**DIRECTIONS FOR THIS TASK**: Transcribe the entries below word for word, beginning at the line with "Big Barn Farm" and stopping after the line with "Image for Technicare"; drop all pictures.

**GIVEN DATA**:
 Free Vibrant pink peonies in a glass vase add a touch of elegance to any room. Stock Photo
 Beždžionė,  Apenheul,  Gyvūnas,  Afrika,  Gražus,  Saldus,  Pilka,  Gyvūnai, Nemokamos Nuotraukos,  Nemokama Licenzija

---

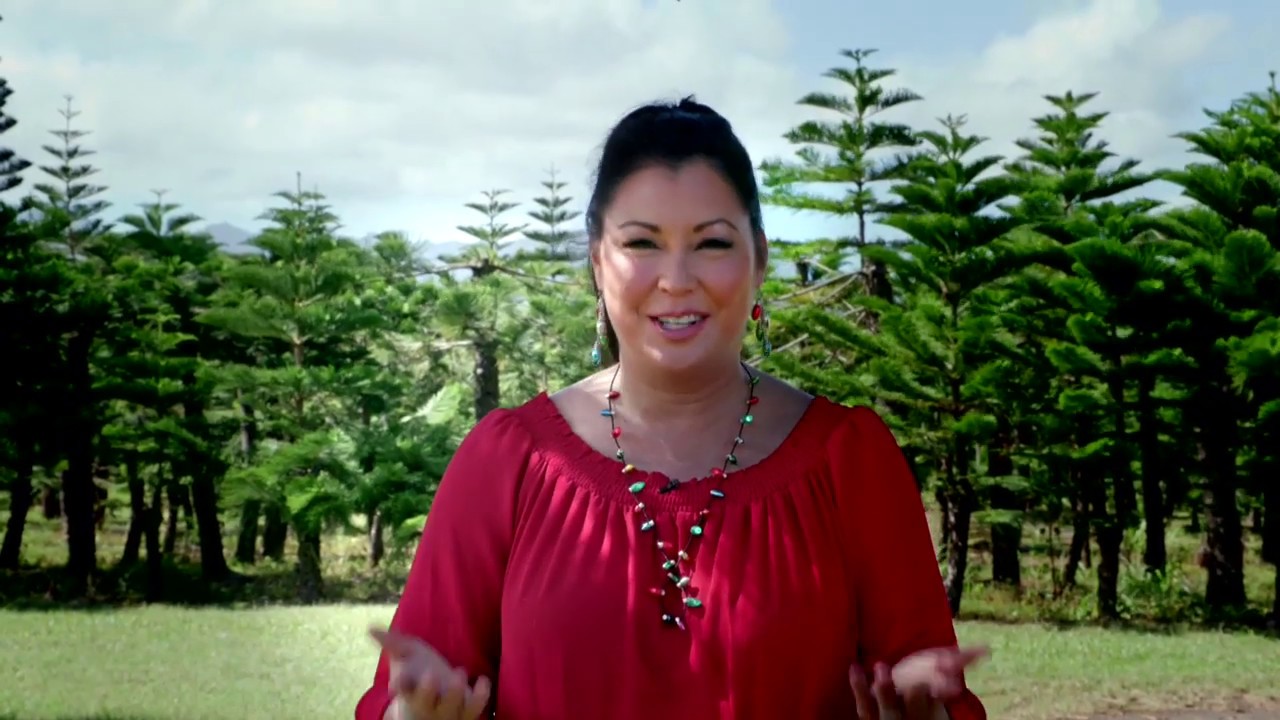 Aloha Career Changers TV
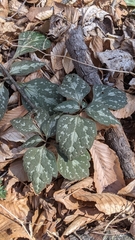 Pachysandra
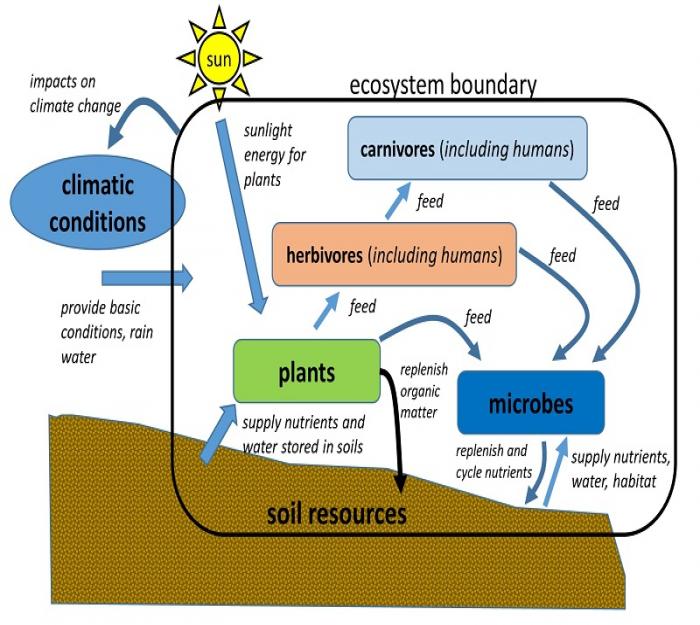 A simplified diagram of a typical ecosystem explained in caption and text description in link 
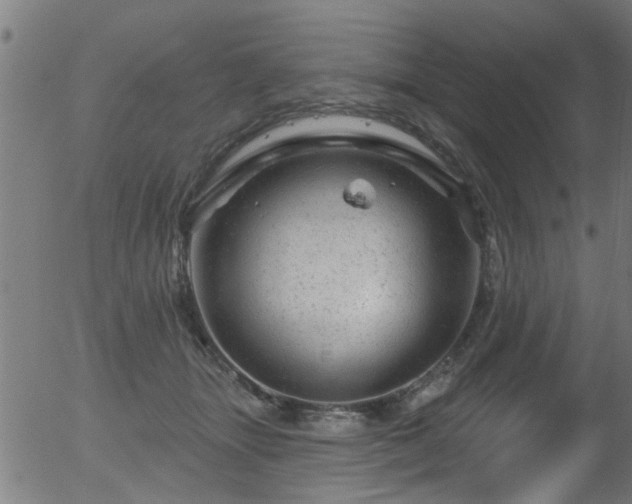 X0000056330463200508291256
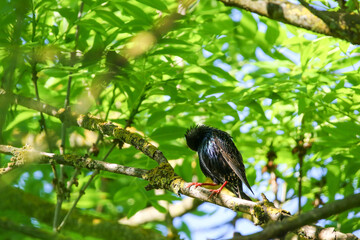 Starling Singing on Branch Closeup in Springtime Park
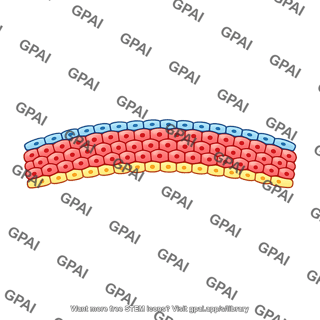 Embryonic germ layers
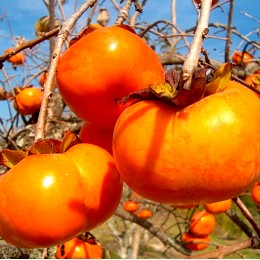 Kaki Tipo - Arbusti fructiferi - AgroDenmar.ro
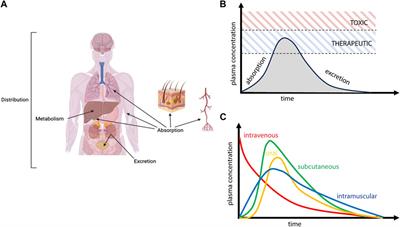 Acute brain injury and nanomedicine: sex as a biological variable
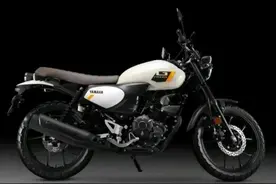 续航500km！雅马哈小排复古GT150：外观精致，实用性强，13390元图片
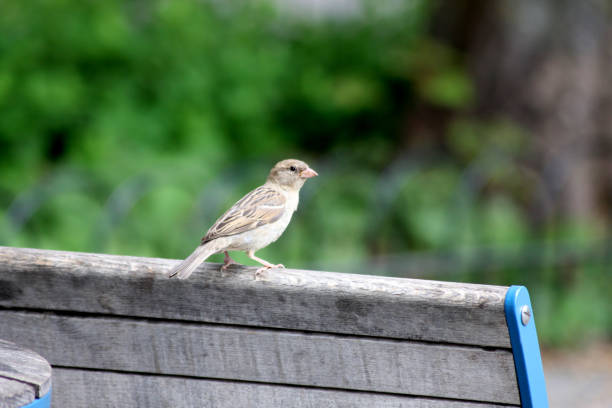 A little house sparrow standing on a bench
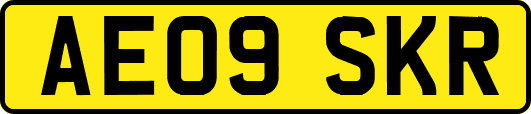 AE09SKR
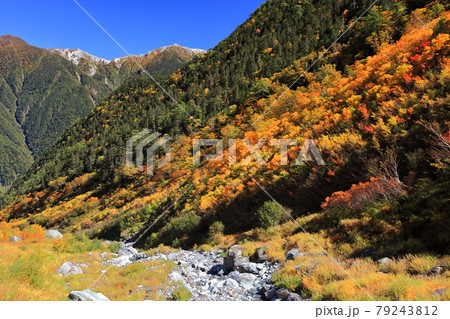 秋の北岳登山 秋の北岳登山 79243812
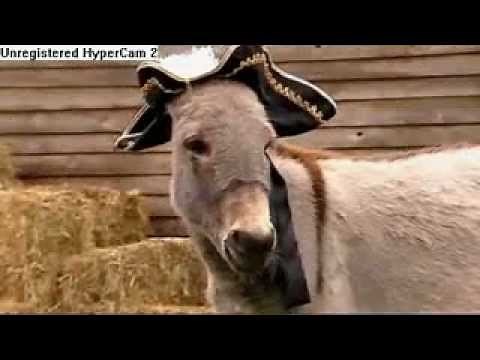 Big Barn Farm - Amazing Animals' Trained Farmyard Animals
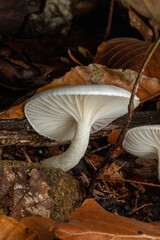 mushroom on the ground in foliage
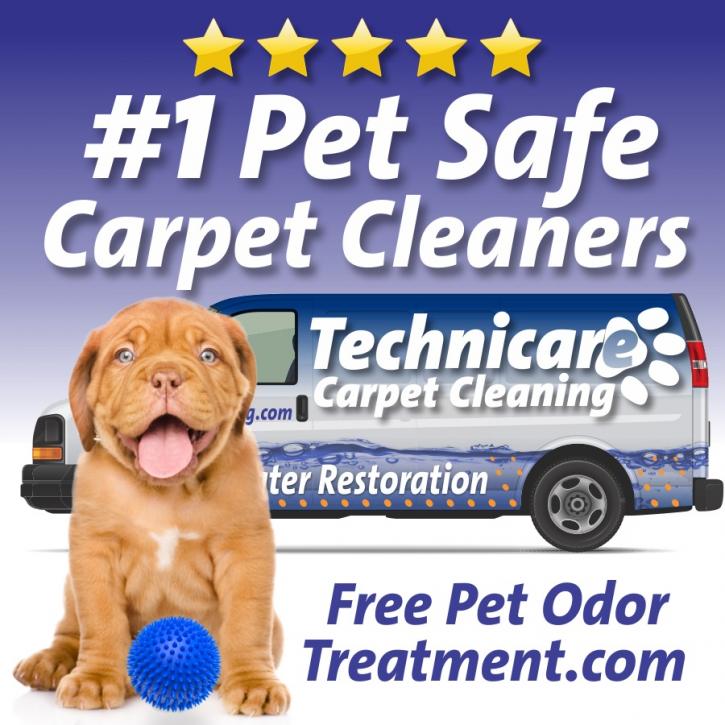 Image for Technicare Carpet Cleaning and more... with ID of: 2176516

**FINISHED TASK**:
 Big Barn Farm - Amazing Animals' Trained Farmyard Animals
 mushroom on the ground in foliage
 Image for Technicare Carpet Cleaning and more... with ID of: 2176516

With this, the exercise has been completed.